Came across a very odd issue lately where guests on one of our ESX4 hosts were periodically loosing network connectivity very briefly – maybe 10 ICMP packets every half hour or hour.
After much debugging on the network side, thinking that perhaps there was a misconfigured NIC with the wrong VLAN config, the problem was still happening.
So ssh’ing onto the host, I started to trawl through the log files, and came across the below in the /var/log/vmkwarning file:
Feb 17 13:44:19 vminfraboxvmkernel: 18:00:00:11.865 cpu4:4222)WARNING: NMP: nmp_DeviceAttemptFailover: Retry world failover device “naa.6090a028004f243d08ab44c26687e3dd” – issuing command 0x410002074040
Feb 17 13:44:19 vminfrabox vmkernel: 18:00:00:11.865 cpu4:4222)WARNING: NMP: nmp_DeviceAttemptFailover: Retry world failover device “naa.6090a028004f243d08ab44c26687e3dd” – failed to issue command due to Not found (APD), try again…

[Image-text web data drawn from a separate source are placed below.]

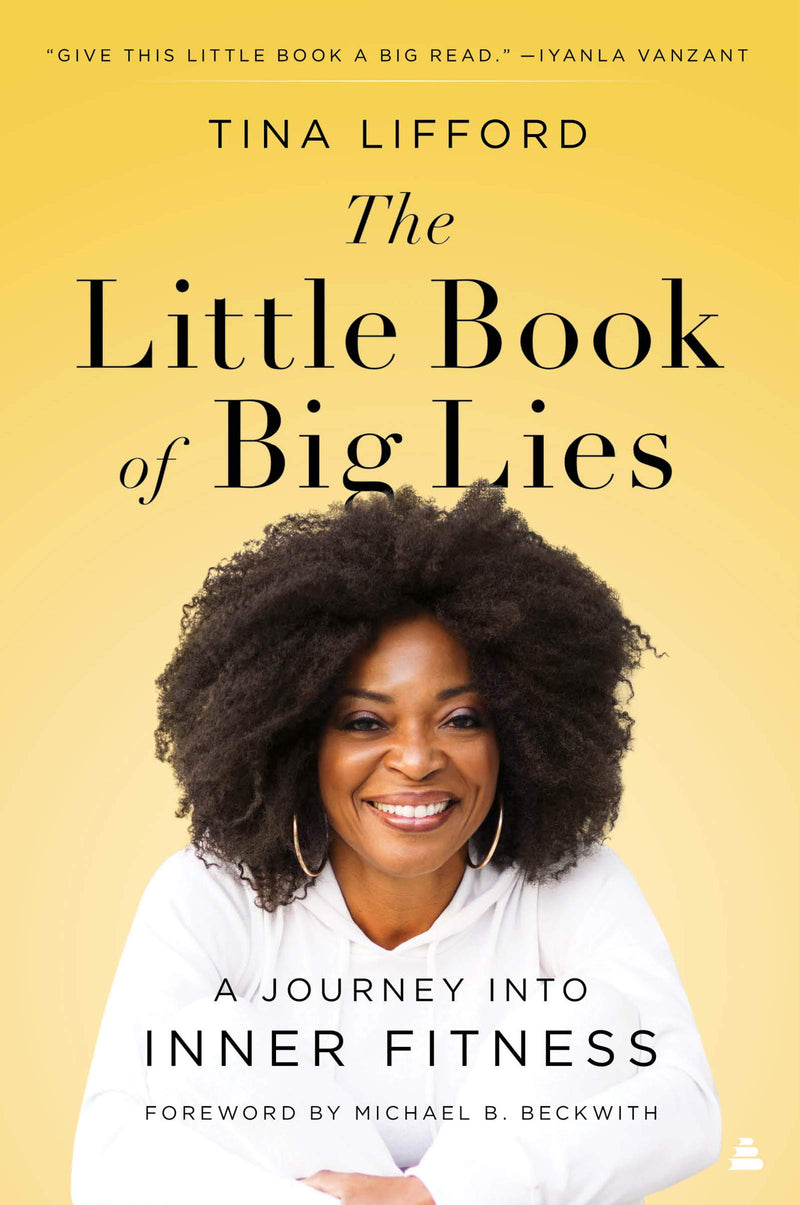 The Little Book of Big Lies: A Journey Into Inner Fitness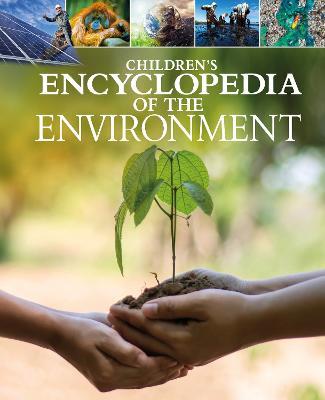 Children's Encyclopedia of the Environment - Helen Dwyer,James Nixon,Gill Humphrey - cover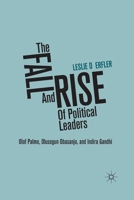 Fall and Rise of Political Leaders 0230107044 Book Cover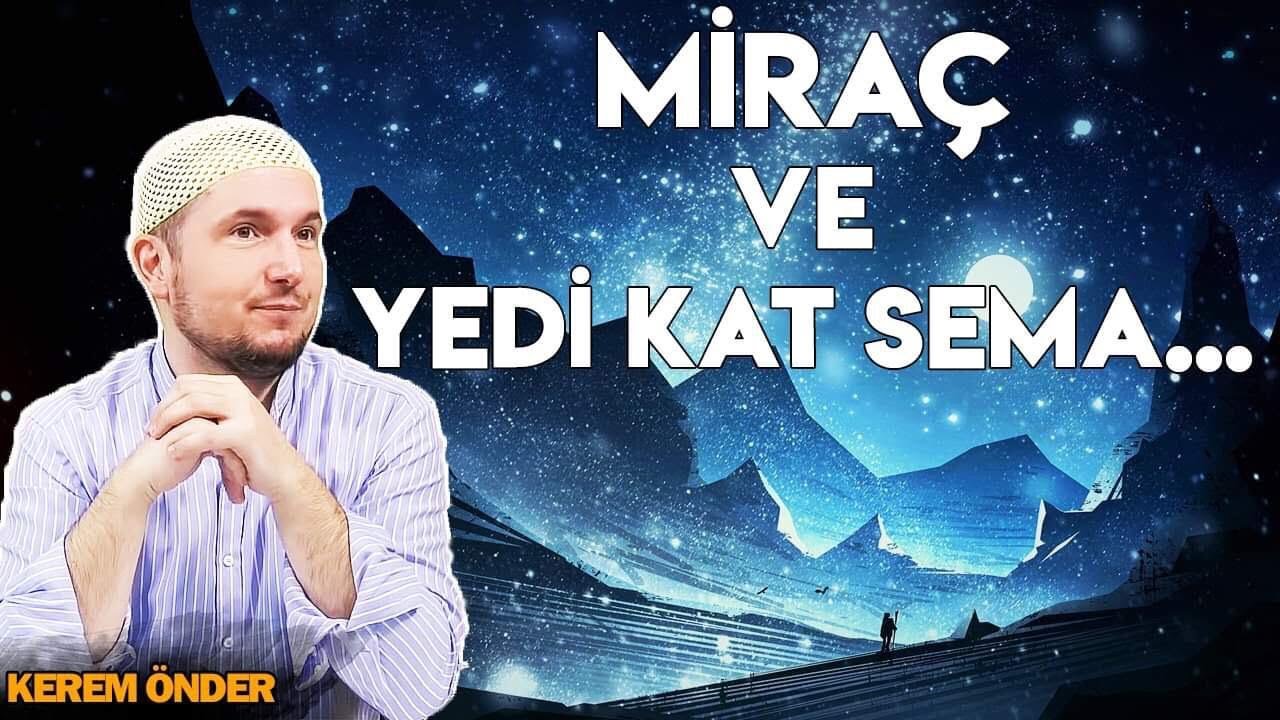 Mira&ccedil; ve yedi kat sema&hellip; / 05.06.2013 / Kerem &Ouml;nder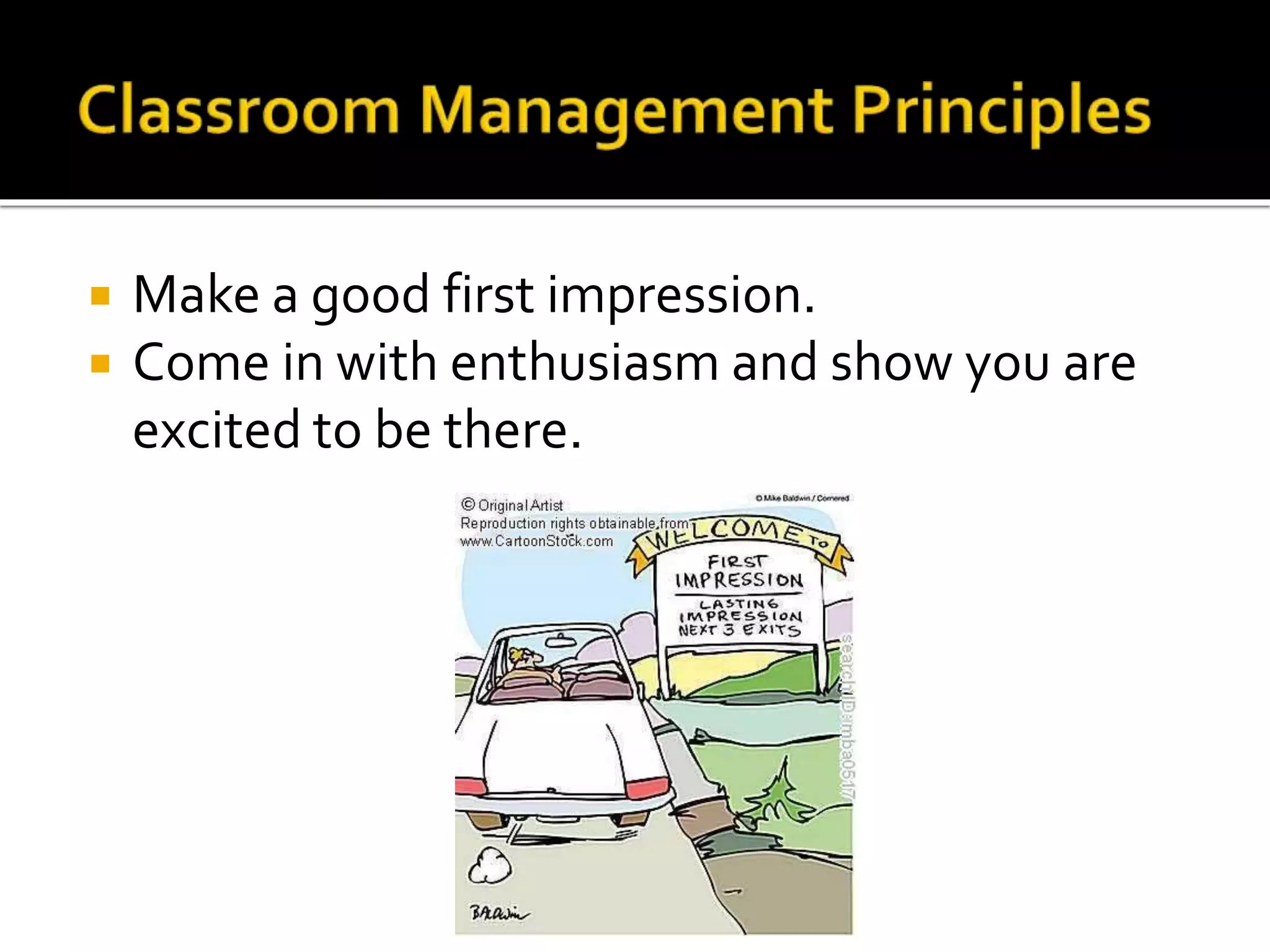 


Make a good first impression.
Come in with enthusiasm and show you are
excited to be there.

 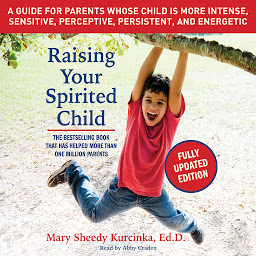 Icon image Raising Your Spirited Child, Third Edition: A Guide for Parents Whose Child Is More Intense, Sensitive, Perceptive, Persistent, and Energetic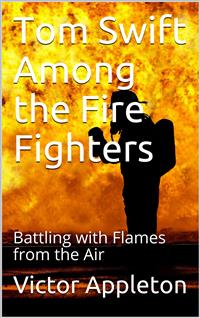 Tom Swift Among the Fire Fighters; Or, Battling with Flames from the Air - Victor Appleton - E-Book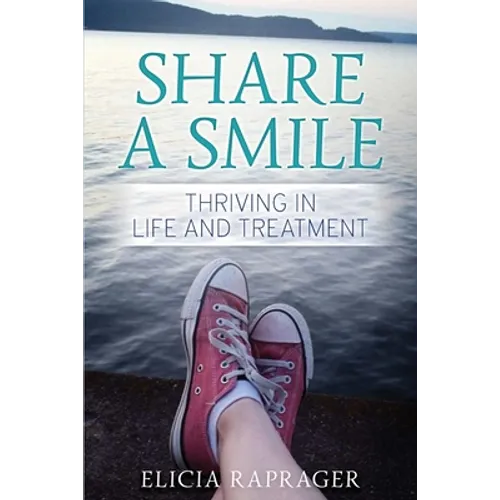 Share a Smile: Thriving in Life and Treatment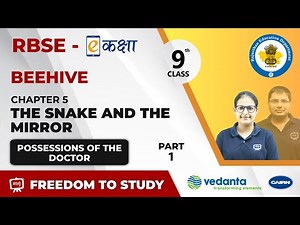 NCERT | CBSE | RBSE |Class-9 | English |Beehive |The Snake And The Mirror |Possessions Of The Doctor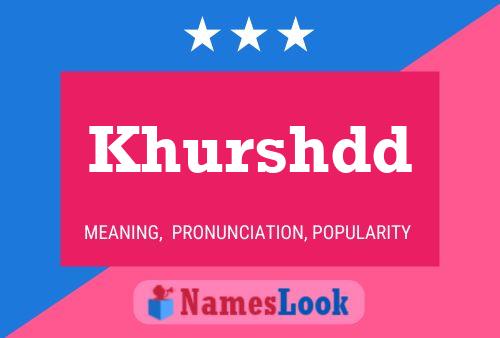 Khurshdd Name Poster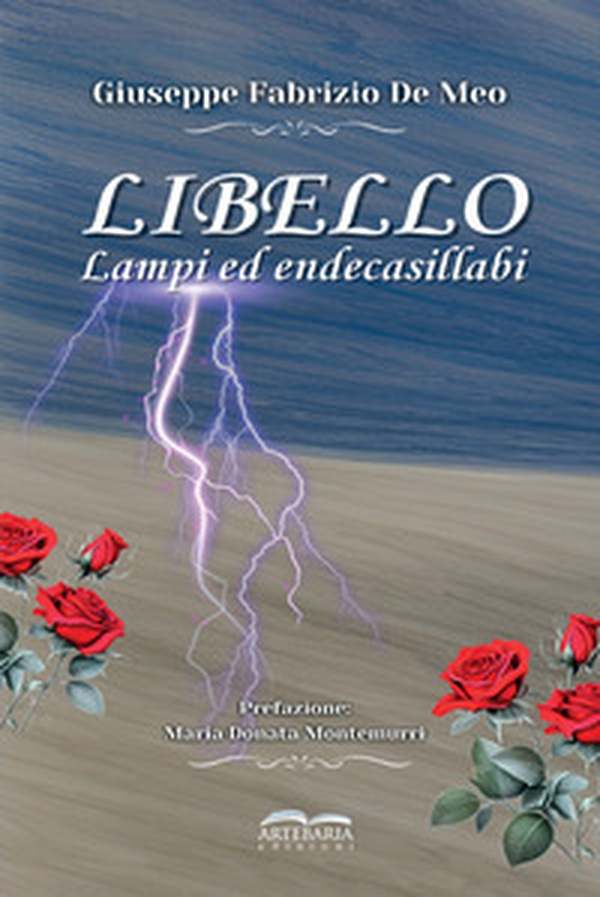 Libello. Lampi ed endecasillabi - Librerie.coop Libello. Lampi ed endecasillabi - Librerie.coop
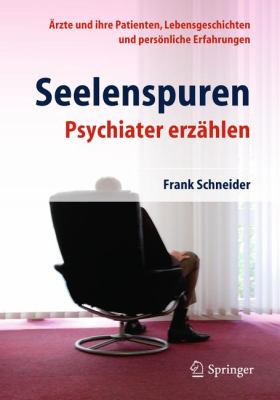 Irgendwie Kommt Es Anders - Psychiater Erzï¿½hlen   2012 9783642203824 Front Cover
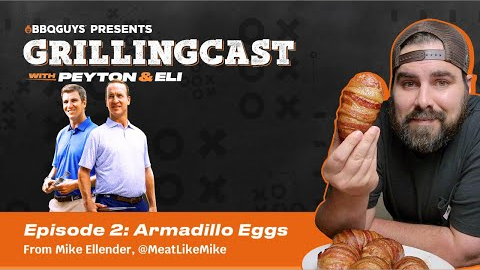 Peyton & Eli Manning GrillingCast | Episode 2 | BBQGuys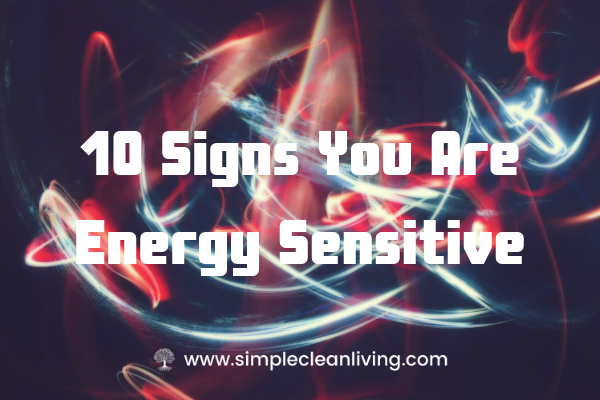 10 Signs You are Energy Sensitive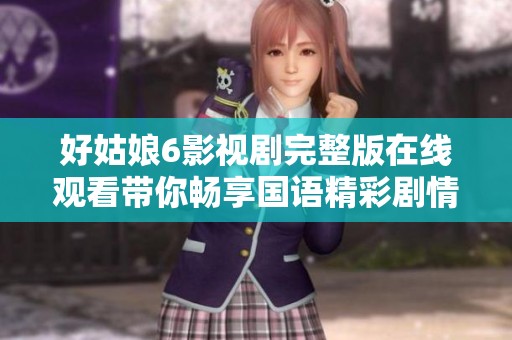 好姑娘6影视剧完整版在线观看带你畅享国语精彩剧情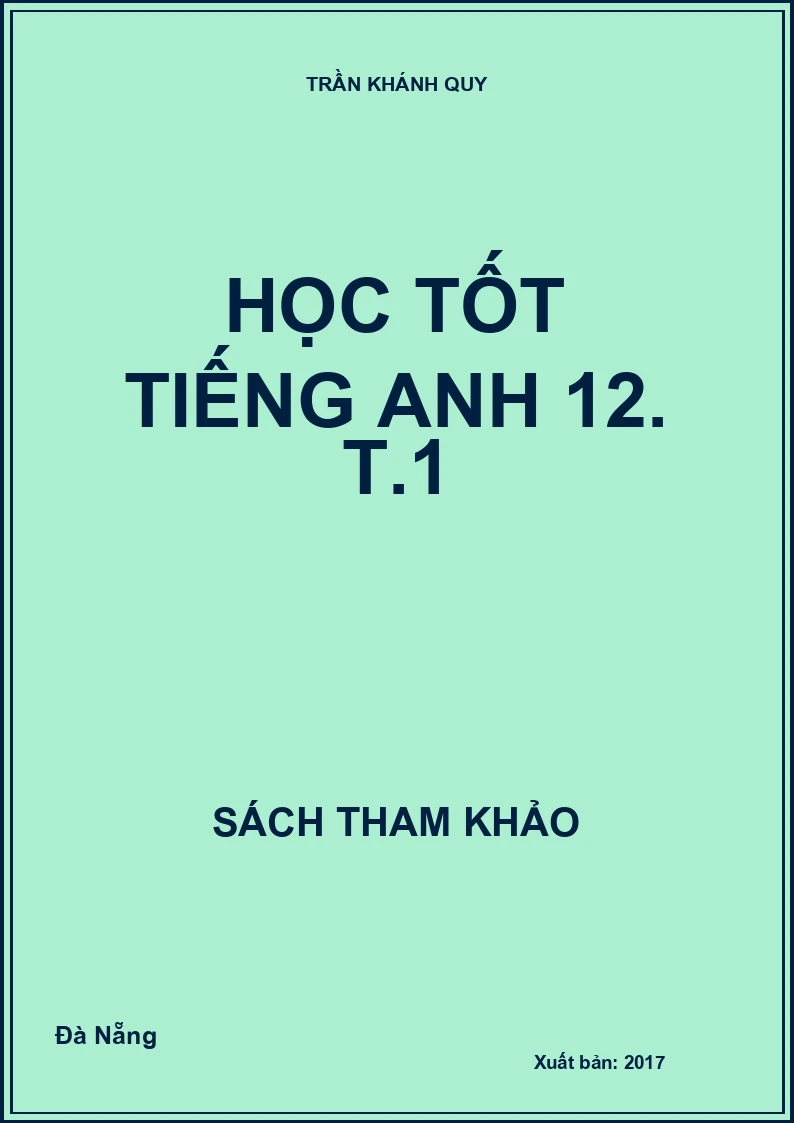 Học Tốt Tiếng Anh 12. T.1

Feb 17 13:44:19 vminfrabox vmkernel: 18:00:00:11.865 cpu4:4222)WARNING: NMP: nmp_DeviceAttemptFailover: Logical device “naa.6090a028004f243d08ab44c26687e3dd”: awaiting fast path state update…
This was occuring repeatedly every half hour and the entries above filled the logs solidly for about 2 minutes continuously every half an hour.
After doing some digging on the google, I found out that ESX4 has a bug whereby if you have a duff or old connection to an iSCSI LUN – perhaps one that no longer exists – but you never rescanned to remove it – when the host tries to check the paths every 30 minutes, it finds this duff connection and goes through the motions of trying to find failover paths. The bug is that this causes very brief network loss to your guests.
The fix for me was to simply re-scan my adapter, which removed the old mapping to one of our removed LUNS’s and the problem went away.